Cowboys beware; the AML Sheriff is on her way
With under a year until the first Financial Action Task Force ("FATF") visit to the UK in a decade, the FCA is consulting on proposed changes to its Handbook as the new money laundering regulations ("MLR 2017") come into force today.
MLR 2017 give the FCA an expanded toolkit designed to deal with failures to meet AML and counter terrorist financing standards and manage the risk of money laundering and terrorist financing effectively. The FCA has a new power to cancel, suspend or restrict an authorisation or registration of an authorised person or payment service provider. MLR 2017 also gives AML supervisors greater power to deal with non-compliance, including powers for the FCA to assess the fit and proper status of the those running 'Annex I Financial Institutions' (i.e. providers of services including money lending, payment services, trading in FX and securities and portfolio management advice).

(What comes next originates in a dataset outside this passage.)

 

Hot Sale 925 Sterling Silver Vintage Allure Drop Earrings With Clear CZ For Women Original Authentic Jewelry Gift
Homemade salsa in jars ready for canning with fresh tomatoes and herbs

The FCA's existing powers to impose a financial penalty or publicly censure a person or its officers and prohibit an officer from holding a management role at a relevant person or payment service provider will continue.

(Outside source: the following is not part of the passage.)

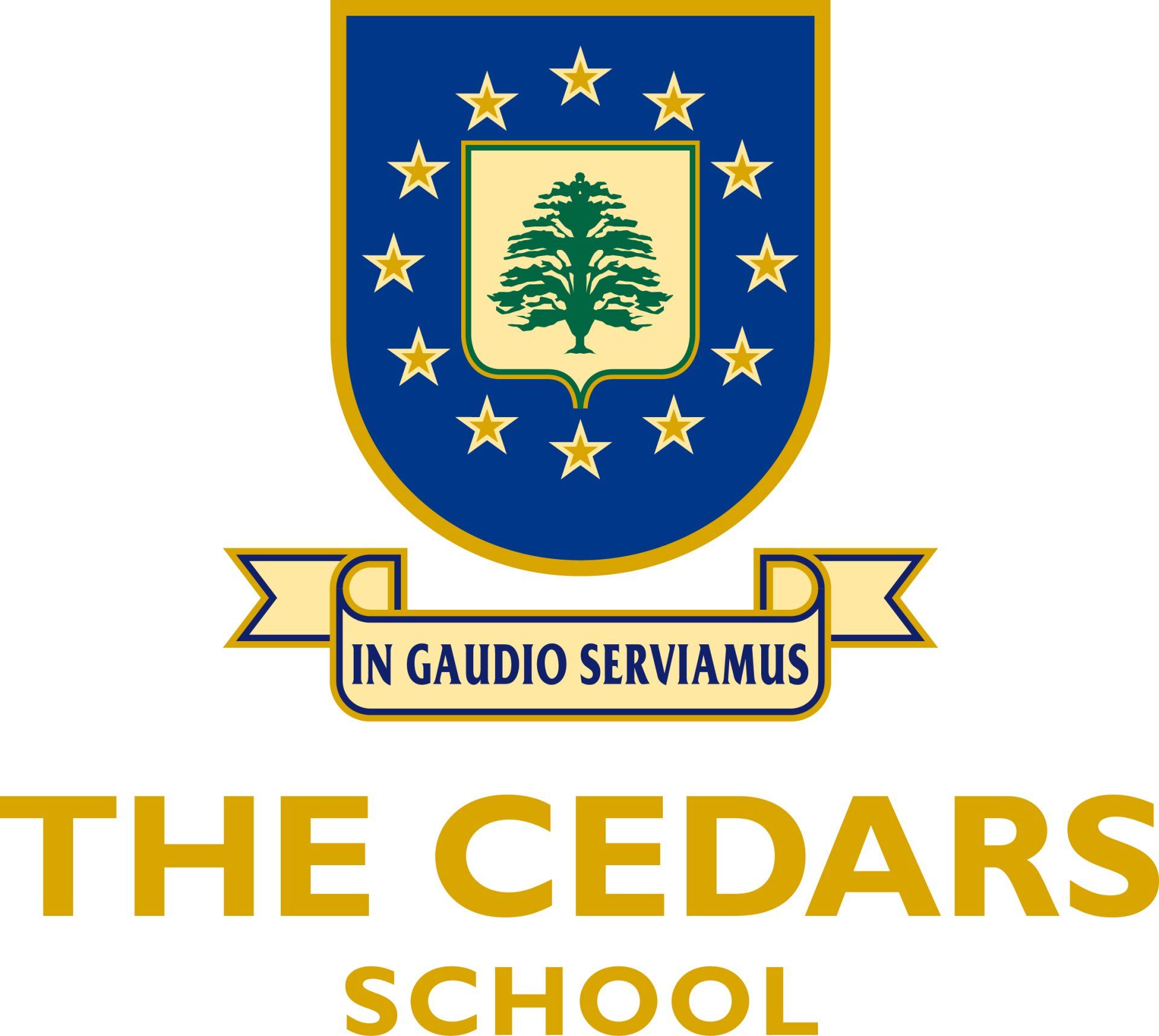 A logo for the cedars school with a tree on it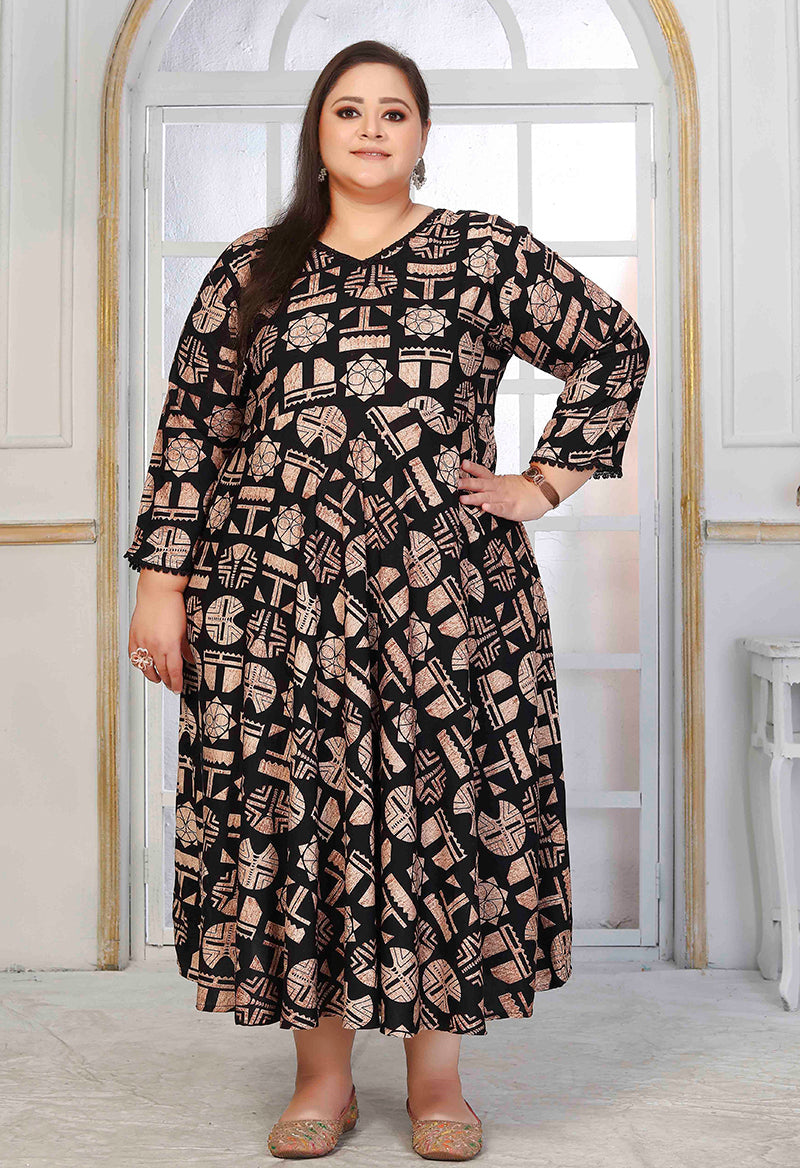 Rayon Printed Black Designer Floor Length Kurti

The FCA is consulting on its proposals to apply the same factors it currently does when deciding the level of sanction imposed for breaches of MLR 2017. It also proposes that no settlement discount will be available for cancellations of authorisation or registration and for permanent prohibitions. Feedback to the consultation is expected to be published next month.
The FATF is due to visit the UK in February / March 2018, 10 years after its last visit, to assess the effectiveness of the UK's system. FATF recently issued new international standards which were put into place in the EU's AML and counter terrorist financing framework by the Fourth Money Laundering Directive and Fund Transfer Regulation, and led to MLR 2017 in the UK. Its visit is therefore likely to be a driver for the FCA to bring a number of money laundering or other financial crime related enforcement cases ahead of the visit in order to demonstrate that the UK is taking steps to tackle the issue.

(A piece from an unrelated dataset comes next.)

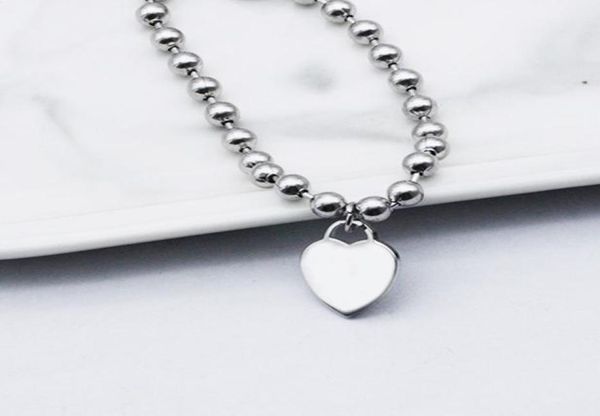 

couple 15mm heart bracelets strands stainless steel round beaded chains extension chain 5cm fashion jewelry whole gifts for gi7677654, Black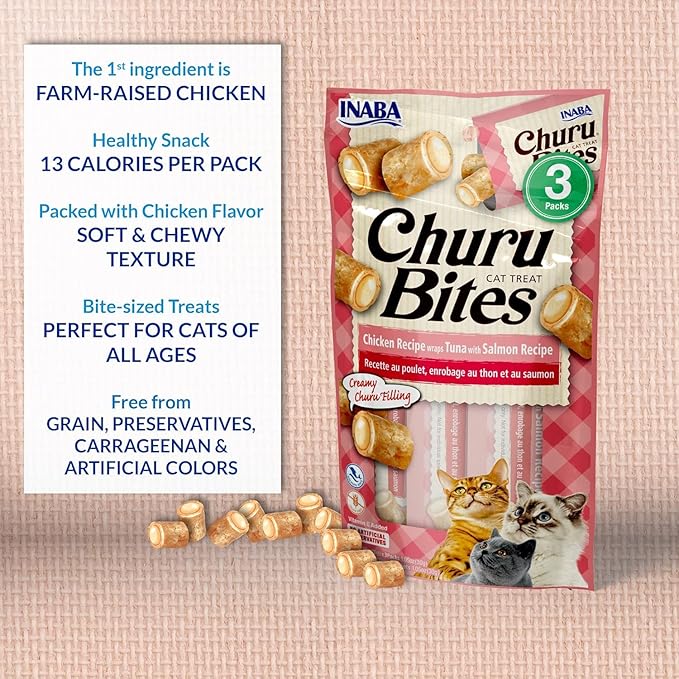 INABA Churu Bites for Cats, Soft Baked Chicken Churu Filled Cat Treats with Green Tea Extract, 0.35 Ounces Each Tube, 9 Tubes Total, Tuna with Salmon Recipe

More widely, it is no secret that the FCA expects its new approach to investigations to lead to more investigations being opened (see speech by James Symington, Director of Investigations). Its expanded toolkit in relation to AML and countering the financing of terrorism will give it more scope to take investigatory action for potential breaches. The emphasis of the above powers on the accountability of senior managers also suggests that the regulator's focus is likely to be on bringing cases against individuals. In that context, the consultation paper provides some helpful guidance on the approach the FCA might take in deciding when to use its powers, for example by outlining the factors to be taken into account in determining the level of fine.